COMMENTARY: On sex and stings, leaks and lies

c. 1998 Religion News Service (Andrew M. Greeley is a Roman Catholic priest, best-selling novelist and a sociologist at the University of Chicago National Opinion Research Center. Check out his home page at http://www.agreeley.com or contact him via e-mail at agreel(at)aol.com.) UNDATED _ The media call them stings or scams. In fact, they are lies. […]

c. 1998 Religion News Service

(Andrew M. Greeley is a Roman Catholic priest, best-selling novelist and a sociologist at the University of Chicago National Opinion Research Center. Check out his home page at http://www.agreeley.com or contact him via e-mail at agreel(at)aol.com.)

UNDATED _ The media call them stings or scams. In fact, they are lies.


When the government deceives people into admitting they have done something wrong or tricks them into breaking the law on tape, the government is deliberately deceiving them.

Whether you do it or I do it or the government does it, deliberate deception is a lie and a government that lies systematically to some of its people so it can put them in jail is no better than Nazi Germany or communist Russia. Indeed, a government that lies constantly is an oppressive government, a fundamentally immoral government.

That seems to me part of what is happening with Independent Counsel Kenneth Starr’s investigation of alleged wrongdoing by President Clinton.

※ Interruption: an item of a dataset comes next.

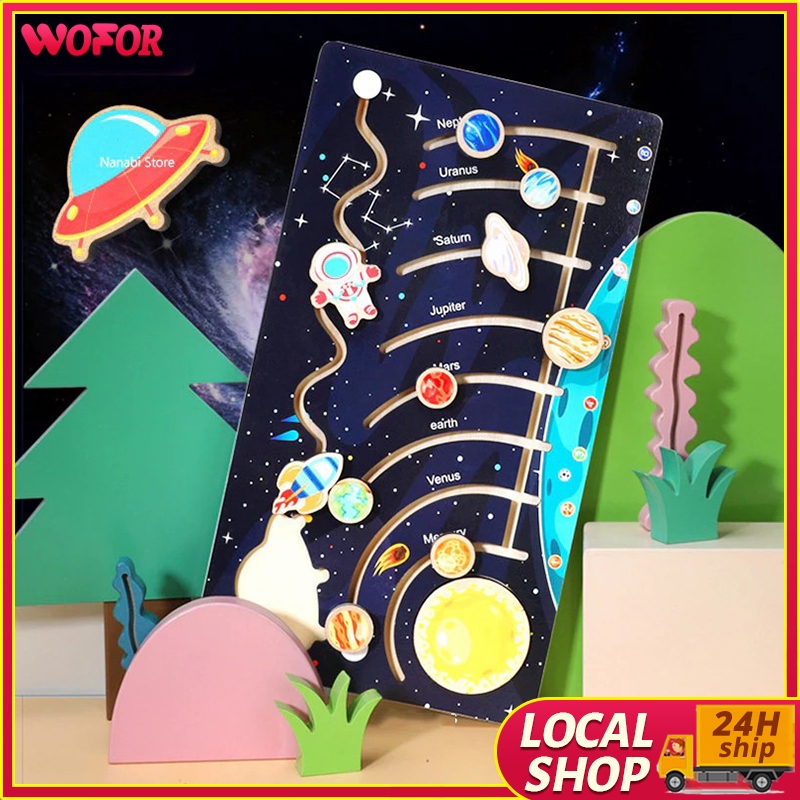 Eight Planets Outer Space Solar System Jigsaw Puzzle Board Game for ...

Federal prosecutors _ with their limitless financial resources, their power to indict whomever they wish, their ruthless corruption of witnesses by grants of immunity, and their ability to destroy men and women with calculated leaks to the media _ are the greatest threat to freedom in this country.

The courts have conspired with them by absurd legal definitions, making entrapment difficult to prove. The media have conspired with them because prosecutors provide the raw, red meat that sells newspapers and improves TV ratings.

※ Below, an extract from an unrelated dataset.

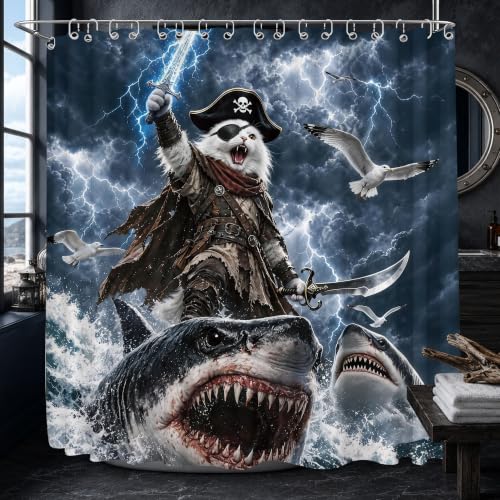 Image of Funny Cat Riding Shark Shower Curtain, Extra Long 108x72 in, Kids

But when prosecutors violate the privacy of Mafia dons, commodity traders, aldermen, and judges, they violate your privacy as well.

When they do that to anyone, they have the power to do it to everyone. They can indict anyone. Some day they may indict you, and do you in with a”sting.”Or bankrupt you as you try to defend yourself.

But, you say, these other people are criminals, are they not?

However, criminals, too, have rights. Everyone has the right to be presumed innocent until proven guilty.


Federal prosecutors, however, presume certain people are guilty and then go about using every possible trick to assemble the evidence to prove their presumption. Whatever the courts may say, this procedure makes a mockery of our constitutional right to presumed innocence. If they can do it to the president, they can do it to anyone. They can do it to you.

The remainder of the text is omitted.